Discussion of Cash Flows
     Cash flows from operations. Net cash provided by operating activities for the six months ended June 30, 2008 was $9.5 million compared to $6.0 million for the six months June 30, 2007. The increase of $3.5 million is primarily due to a decrease to accounts receivable balance due to the timing of sales and collections. This amount is partially offset by an increase to prepaid expenses and other current assets of $3.4 million due primarily to timing of tax payments, a decrease to accounts payable of $2.8 million and a decrease to accrued expenses of $2.5 million from June 30, 2007.
     Cash flows from investing. Net cash used in investing activities for the six months ended June 30, 2008 was $2.8 million compared to $7.0 million for the six months June 30, 2007. The decrease of $4.2 million was primarily due to the decreased purchases of fixed assets of $5.8 million offset by a net increase in investments of marketable securities of $1.6 million. Expenditures related to fixed assets in 2007 were higher than 2008 due to increased spending to support customer initiatives that required a higher volume of transactions.

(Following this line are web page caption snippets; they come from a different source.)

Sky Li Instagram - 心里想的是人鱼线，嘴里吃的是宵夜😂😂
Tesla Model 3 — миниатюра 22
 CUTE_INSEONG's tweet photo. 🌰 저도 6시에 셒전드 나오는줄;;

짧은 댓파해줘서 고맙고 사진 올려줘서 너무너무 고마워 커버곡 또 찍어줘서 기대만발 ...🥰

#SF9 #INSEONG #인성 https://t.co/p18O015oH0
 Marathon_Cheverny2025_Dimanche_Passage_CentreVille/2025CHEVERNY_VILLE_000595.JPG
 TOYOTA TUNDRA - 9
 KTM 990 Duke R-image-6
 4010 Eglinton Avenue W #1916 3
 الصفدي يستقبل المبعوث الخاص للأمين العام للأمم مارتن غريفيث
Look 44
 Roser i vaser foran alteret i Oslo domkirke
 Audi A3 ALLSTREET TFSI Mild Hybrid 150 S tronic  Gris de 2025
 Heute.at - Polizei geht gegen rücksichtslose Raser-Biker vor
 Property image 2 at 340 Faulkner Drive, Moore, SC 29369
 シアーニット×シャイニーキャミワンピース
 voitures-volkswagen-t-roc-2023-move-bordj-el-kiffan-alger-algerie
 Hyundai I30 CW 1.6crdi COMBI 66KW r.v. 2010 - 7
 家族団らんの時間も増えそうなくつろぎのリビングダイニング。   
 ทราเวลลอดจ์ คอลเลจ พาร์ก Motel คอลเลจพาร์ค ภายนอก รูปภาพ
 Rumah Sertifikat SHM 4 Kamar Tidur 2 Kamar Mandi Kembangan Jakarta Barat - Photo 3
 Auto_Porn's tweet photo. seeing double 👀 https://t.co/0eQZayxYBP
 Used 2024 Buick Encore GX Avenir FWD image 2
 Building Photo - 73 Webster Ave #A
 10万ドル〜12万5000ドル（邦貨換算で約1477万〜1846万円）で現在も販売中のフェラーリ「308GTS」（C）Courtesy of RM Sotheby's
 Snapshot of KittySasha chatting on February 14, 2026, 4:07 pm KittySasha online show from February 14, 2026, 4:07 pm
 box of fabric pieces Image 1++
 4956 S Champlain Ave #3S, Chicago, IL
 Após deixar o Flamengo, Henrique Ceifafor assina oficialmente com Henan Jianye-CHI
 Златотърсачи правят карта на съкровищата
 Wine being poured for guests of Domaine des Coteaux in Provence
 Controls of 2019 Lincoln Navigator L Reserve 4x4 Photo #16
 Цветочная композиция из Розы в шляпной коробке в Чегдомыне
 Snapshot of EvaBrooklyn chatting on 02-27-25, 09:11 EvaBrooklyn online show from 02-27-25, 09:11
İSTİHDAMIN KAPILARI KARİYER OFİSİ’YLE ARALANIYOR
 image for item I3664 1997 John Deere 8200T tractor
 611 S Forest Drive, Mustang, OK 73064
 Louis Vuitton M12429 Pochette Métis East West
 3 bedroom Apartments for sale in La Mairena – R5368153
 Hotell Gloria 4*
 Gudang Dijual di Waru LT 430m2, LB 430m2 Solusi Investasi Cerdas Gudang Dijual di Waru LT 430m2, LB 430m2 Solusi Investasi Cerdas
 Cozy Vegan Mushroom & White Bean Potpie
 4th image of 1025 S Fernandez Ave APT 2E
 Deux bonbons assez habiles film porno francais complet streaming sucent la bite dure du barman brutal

     Cash flows from financing. Net cash used in financing activities for the six months ended June 30, 2008 was $8.6 million compared to cash provided by financing activities of $277 for the six months ended June 30, 2007. In May 2008, we initiated a stock repurchase program that, as of June 30, 2008, repurchased 875 shares for an aggregate purchase price of approximately $10.4 million. The remaining difference was due to increased net proceeds from the issuance of common stock of $113 through the exercise of stock options, increased tax benefits received from the exercise of stock options of $1.1 million and decreased repayments of an equipment loan of $333.
     We believe that our existing cash and cash equivalents, the cash generated from our initial public offering and cash generated from our operations will be sufficient to fund our operations for the next twelve months.
Effect of Inflation
     Although inflation generally affects us by increasing our cost of labor and equipment, we do not believe that inflation has had any material effect on our results of operations for the three months ended June 30, 2008 and 2007.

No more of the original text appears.